Platinum is widely used in catalytic converters for diesel cars, but since the European emissions scandals in the earlier part of this decade, sales of diesel cars, and consequently demand for platinum, have slowed.
Despite hopes that electric cars will come to the fore, thus far the slack has been taken up almost entirely by gasoline-powered engines, where the use of palladium is preferred over platinum. What’s more, emissions regulations are becoming more robust, especially in jurisdictions like China, which means the catalytic converters in turn have to be that much more efficient. It all adds up to increased demand for palladium.
And, while there is some talk of substitution, there’s no real sign of that happening yet. Johnson Matthey, a key player in the technological deployment of platinum group metals, said recently that further technological advances would be needed before platinum could be used to swap out the pricier palladium component of catalytic converters.
From the perspective of the car manufacturers the increased price is an irritant. However, the amount of palladium used in each catalytic converter is relatively small, so to some extent they are able to absorb the cost. And that dynamic also implies that substitution is some way away.
In the meantime though, those with palladium assets are making hay. Palladium One Mining (CVE: PDM) revealed this week that it’s raising up to C$3.2mln, primarily for exploration on its palladium-dominant LK project in central Finland. That’s a small sum in itself, but it’s interesting to see who the cornerstone investor is: none other than Eric Sprott, perhaps the biggest name in the Canadian mining investment scene.
Not to be outdone, Robert Friedland, probably the most famous mining promoter in the entire industry, recently revealed the positive impact stronger palladium prices were having on the valuation of the Platreef PGM project controlled by his company Ivanhoe.
Elsewhere, early in October South Africa’s Impala Platinum Holdings Ltd, otherwise known as Implats (JSE:IMP) announced the acquisition of one of the few major palladium companies based outside of South Africa or Russia, North American Palladium Ltd.

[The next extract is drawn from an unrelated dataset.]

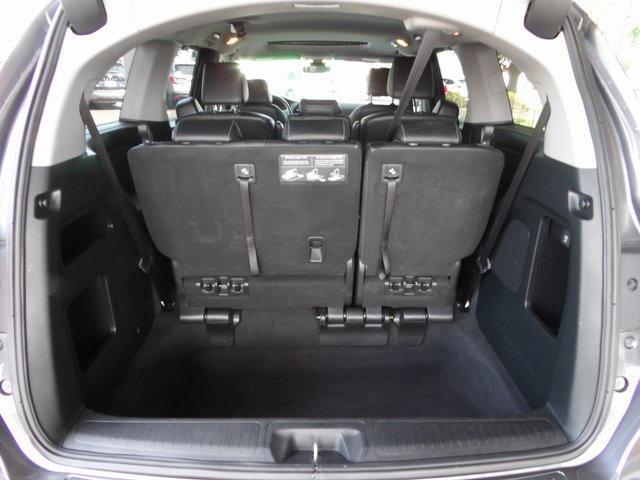 used 2022 Honda Odyssey car, priced at $35,300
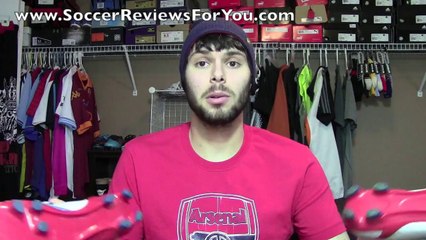 Puma evoSPEED 1 Synthetic VS Kangaroo Leather - Comparison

The deal was priced atC$758mln.
And junior miner Eurasia Mining (LON:EUA), which has a palladium asset in Russia as well as cash-producing platinum operation, has been the subject of frenzied buying in recent weeks, as the share price has soared from just under 0.5p to a current price of 2.75p. That’s been good for the company, since every single warrant holder under the sun has exercised, bringing in much-needed cash at a time of wider dearth in the mining industry, and prompting Eurasia publicly to state that no fund-raisings are anticipated in the foreseeable future.
The speculation is that a major buyer is circling the palladium asset. But we will just have to wait and see.